By: Dylan W. Wiseman, Richard C. Darwin, Kari Barnes, Julian “Pete” Mack, Paul J. Fraidenburgh, Philip Nulud and Isaac Zaghi
Buchalter Nemer Client Alert, May 2016
On April 28 Congress passed the Defend Trade Secrets Act (“DTSA”), which creates a federal private right of action for trade secret misappropriation. Enactment into law is virtually certain, as President Obama, a long-time supporter, has promised to sign the bill if passed by Congress.
The DTSA has been heralded as one of the largest developments in intellectual property law in years. By creating a federal private right of action it brings both uniformity in the law and access to the federal courts for trade secret holders.
As its name implies, a trade secret is a form of intellectual property that by its nature is not disclosed. A trade secret, in a broad sense, is confidential information that provides one with a competitive advantage. It differs from patents and copyrights in that it does not have a certain term in which it expires, and it is unlike patents, trademarks or copyrights in that it is not examined by any governmental authority.
Trade secrets can range from formulas and algorithms to manufacturing processes and customer lists. The most famous example is the secret formula for Coca-Cola®. Typically something is considered a trade secret if it derives economic value from not being known to the public or to competitors, and reasonable measures are taken to protect its secrecy.
Until the DTSA, the only way to enforce a trade secret was an action in state court.

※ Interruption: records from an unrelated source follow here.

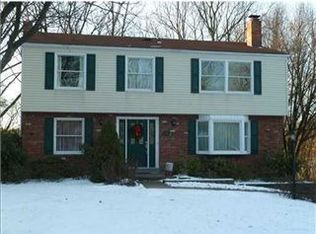 229 Wyngate Rd, Coraopolis, PA 15108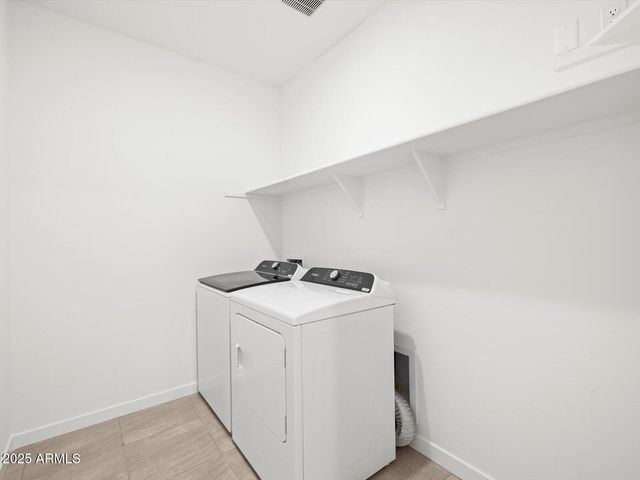 18228 N PIETRA Drive, Maricopa, AZ 85138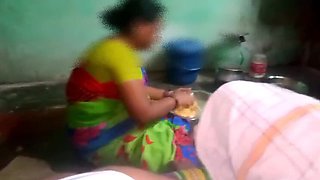 Indian Housewife Home Handjob For Husband - Priyanka314 Homemade Desi Aunty Hardcore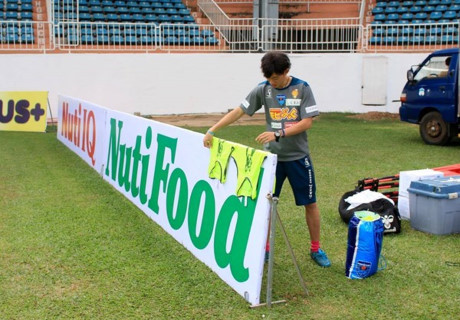 Câu chuyện bắt đầu từ việc CLB Yokohama FC sang Việt Nam tập huấn tại Pleiku thời cuối năm 2015. Cụ thể, trừ HLV trưởng, giám đốc kỹ thuật, CLB đến từ Nhật Bản có thêm 7 trợ lý chuyên lo việc chuẩn bị các khâu cho buổi tập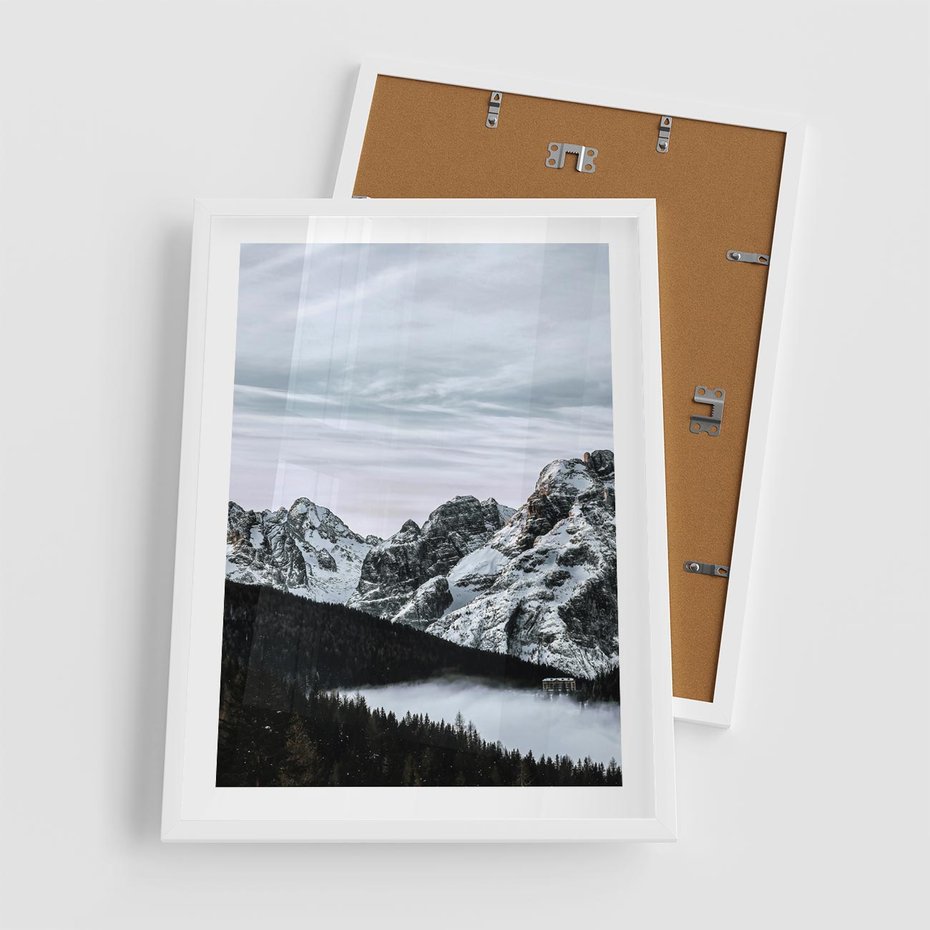 Plakat w ramie 50x70 - Malowniczy Krajobraz ze Śniegiem - góry, śnieg - rama biała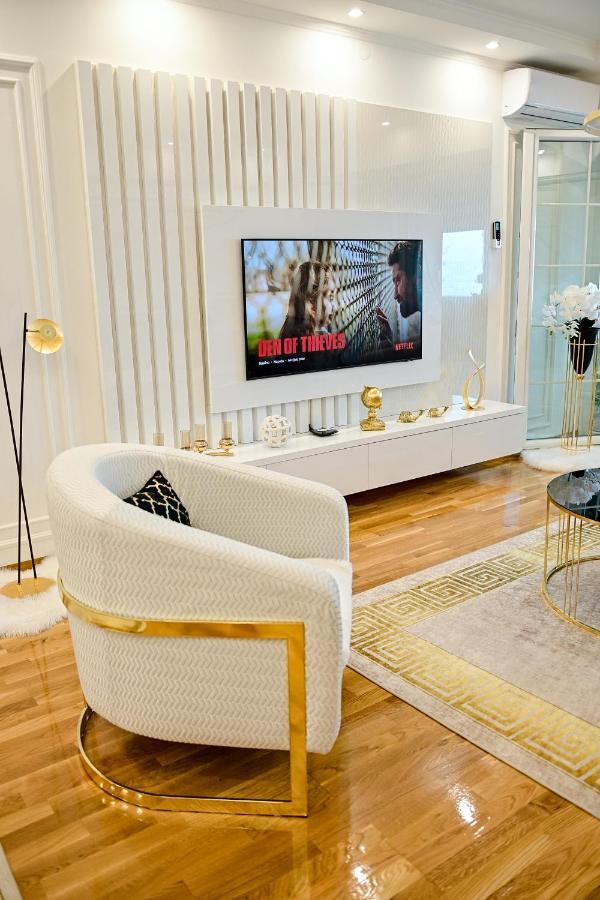 Luxury Apartment Karic Free Parking 투즐라 외부 사진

Individual states have their own statutes to protect against the misappropriation of trade secrets. While most states have closely tracked the Uniform Trade Secrets Act (“UTSA”), there are significant differences in the laws of various states. Enactment of the DTSA will bring uniformity, at least in the federal courts.
While the DTSA has many similarities to the UTSA, it has a number of important distinctions. Importantly, along with the remedies of injunctive relief and damages, the DTSA allows an ex parte order, in “extraordinary circumstances,” for the “seizure of property necessary to prevent the propagation or dissemination of the trade secret that is the subject of the action” (S.1890(2)(A)(i) 2016). It also allows the assertion of other causes of action that arise under the same facts.
By opening the doors of the federal courts and providing new remedies to prevent disclosure of trade secrets, the DTSA will be a valuable tool for businesses that own and seek to protect valuable trade secret.